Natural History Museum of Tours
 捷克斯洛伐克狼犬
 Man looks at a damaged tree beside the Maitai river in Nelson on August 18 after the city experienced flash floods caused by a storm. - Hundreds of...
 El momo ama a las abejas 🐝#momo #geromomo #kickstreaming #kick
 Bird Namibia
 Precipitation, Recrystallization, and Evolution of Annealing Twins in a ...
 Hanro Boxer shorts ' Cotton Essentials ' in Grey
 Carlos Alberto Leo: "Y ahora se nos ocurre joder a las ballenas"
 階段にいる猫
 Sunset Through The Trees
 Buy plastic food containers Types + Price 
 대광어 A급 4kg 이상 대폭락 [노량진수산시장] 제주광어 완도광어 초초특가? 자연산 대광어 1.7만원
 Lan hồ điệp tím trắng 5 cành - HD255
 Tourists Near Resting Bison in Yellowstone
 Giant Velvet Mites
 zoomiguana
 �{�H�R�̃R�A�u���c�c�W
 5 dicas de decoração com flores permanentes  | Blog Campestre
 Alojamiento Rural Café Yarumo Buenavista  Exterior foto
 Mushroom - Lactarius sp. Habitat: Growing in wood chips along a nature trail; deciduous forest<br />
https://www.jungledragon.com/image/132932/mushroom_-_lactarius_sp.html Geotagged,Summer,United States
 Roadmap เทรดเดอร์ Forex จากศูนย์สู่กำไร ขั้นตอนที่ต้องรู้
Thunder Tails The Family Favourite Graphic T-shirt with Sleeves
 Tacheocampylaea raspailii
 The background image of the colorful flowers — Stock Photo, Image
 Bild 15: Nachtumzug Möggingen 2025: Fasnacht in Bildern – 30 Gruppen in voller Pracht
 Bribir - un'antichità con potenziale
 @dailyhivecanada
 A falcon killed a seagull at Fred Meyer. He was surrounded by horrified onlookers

---+---

Exercise directions
After locating the line with "Thunder Tails The", output that line and every later one exactly, through the end of the entries above.

Your solution
Thunder Tails The Family Favourite Graphic T-shirt with Sleeves
 Tacheocampylaea raspailii
 The background image of the colorful flowers — Stock Photo, Image
 Bild 15: Nachtumzug Möggingen 2025: Fasnacht in Bildern – 30 Gruppen in voller Pracht
 Bribir - un'antichità con potenziale
 @dailyhivecanada
 A falcon killed a seagull at Fred Meyer. He was surrounded by horrified onlookers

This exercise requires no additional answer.